Ronaldo, Benzema, Kanté, Koulibaly, Mendy, Neves... La course à l'armement en Arabie saoudite n'en est qu'à son commencement. De quoi chambouler la planète foot. Avec une nouvelle ère qui commence. Présents en D1 saoudienne depuis un an, Fayçal Fajr (34 ans, milieu de Al-Wehda) et Marcel Tisserand (30 ans, défenseur d'Al-Ittifaq) débattent du changement de dimension du foot là-bas.
Si on vous demande de nous résumer ce qu’il se passe en Arabie saoudite en un seul mot ?
Marcel Tisserand : Exception.
Faycal Fajr : Extraordinaire !
MT : Il y a beaucoup de rumeurs. Mais tu as déjà Cristiano Ronaldo, Karim Benzema, N’Golo Kanté… Ce sont des joueurs d’exception. Pour un pays comme l’Arabie saoudite, c’est exceptionnel d’accueillir des joueurs de ce talent-là.
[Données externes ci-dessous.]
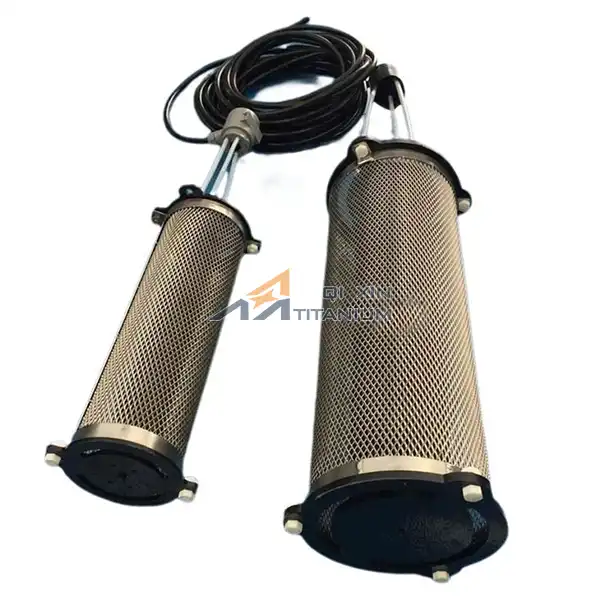 Ruthenium Coated Titanium Mesh Anode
Benzema… On parle quand même du dernier Ballon d’or. Ce mercato va être croustillant !
FF : L’Arabie saoudite aimerait organiser la Coupe du monde. Ils sont en train d’essayer de ramener un maximum de grands joueurs pour faire parler du championnat, que les gens aient un œil dessus et sur le pays. Moi, je me dis que c’est parfait, que j’ai choisi la bonne destination. J’ai été satisfait de ma première saison, et là, ça va amener un peu plus de compétitivité.
MT : C’est sûr qu’on va porter un peu plus d’attention que d’habitude à la préparation d’avant-saison. On va être amené à jouer contre des joueurs de haut niveau. Il va donc falloir être au niveau. Mais c’est fou et surtout tout nouveau. Avec une politique totalement différente de la part du ministère des Sports et des instances. Avant, ils ne portaient pas vraiment d’intérêt à l’arrivée de joueurs de renom. On voit qu’ils sont dans un tournant, déjà d’un point de vue culturel, au niveau des infrastructures dans le pays, de la manière dont ils sont en train de voir le sport.
Ces derniers mois, aviez-vous imaginé toute cette folie ?
MT : Quand on voit Cristiano Ronaldo arriver (à Al-Nassr), ça met tout de suite un coup de boost au pays. Ça et la performance de l’Arabie saoudite d’Hervé Renard à la Coupe du monde, avec la victoire face à l’Argentine (2-1) qui deviendra championne du monde. Ce n’est pas passé inaperçu. Ça a permis de situer l’Arabie saoudite sur la carte. Beaucoup de monde se demandait si on jouait au football là-bas. Ça a attisé la curiosité.
FF : Quand Cristiano Ronaldo est arrivé, on en discutait entre joueurs. Et on se disait : « Si lui a réussi à venir… Tout le reste, du bon joueur au joueur normal, ils vont tous venir à un moment donné ! » Avant, ce n’était pas un championnat lambda. Dans les grands clubs, Al-Hilal, Al-Ittihad, Al-Nassr et Al-Shabab, tu avais des joueurs comme (Ever) Banega, (Moussa) Marega, mais ce n’était pas des top joueurs, sans manquer de respect. Je me doutais que des joueurs pouvaient arriver, mais pas au point d’amener (Karim) Benzema et (N’Golo) Kanté après Ronaldo.
Quels changements majeurs avez-vous constatés depuis l’arrivée de Cristiano Ronaldo ?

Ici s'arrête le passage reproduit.